**DESCRIPTION OF THE TASK:** Nothing but the text belongs in the answer: the listing below, copied exactly, without pictures.

**SUPPLIED INFORMATION:**

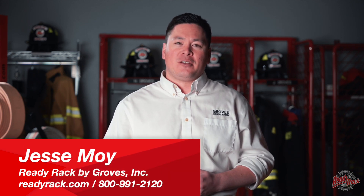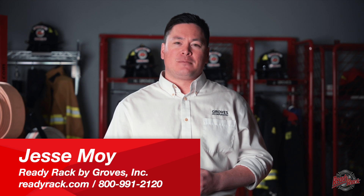As you can see, Groves Incorporated has a lot of different equipment storage options to offer. To recap, our equipment racks are stronger, safer, user-friendly, design-friendly, customizable, and there to keep your fire station gear safe and well organized. We stand behind our products. If you have any questions or need further information, reach out to Groves Incorporated or visit ReadyRack.com. Thank you.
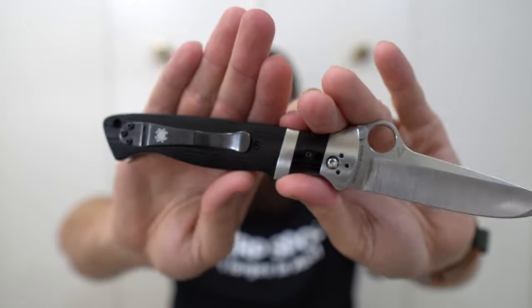I prefer deep carry clips, and the good news is on this one, if I wanted to throw a deep carry clip on it, it's a standard Spyderco clip, so I could put pretty much any aftermarket Spyderco clip on here and it would function. The clip placement is correct, it's the right style. It does have a lanyard hole for those of you who care about that — I do not, so take that for what it's worth.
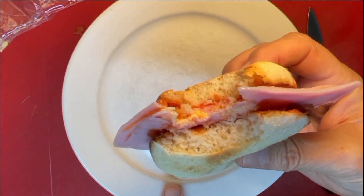Guys, I don't know about you, but... oh, wow. Mmm. Look how it looks when you bite it. This is just beautiful. Oh my God. I'm going to finish my sandwich. See you in the next one. Bye-bye. Mmm. Cheers.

**SOLUTION:**
As you can see, Groves Incorporated has a lot of different equipment storage options to offer. To recap, our equipment racks are stronger, safer, user-friendly, design-friendly, customizable, and there to keep your fire station gear safe and well organized. We stand behind our products. If you have any questions or need further information, reach out to Groves Incorporated or visit ReadyRack.com. Thank you.
I prefer deep carry clips, and the good news is on this one, if I wanted to throw a deep carry clip on it, it's a standard Spyderco clip, so I could put pretty much any aftermarket Spyderco clip on here and it would function. The clip placement is correct, it's the right style. It does have a lanyard hole for those of you who care about that — I do not, so take that for what it's worth.
Guys, I don't know about you, but... oh, wow. Mmm. Look how it looks when you bite it. This is just beautiful. Oh my God. I'm going to finish my sandwich. See you in the next one. Bye-bye. Mmm. Cheers.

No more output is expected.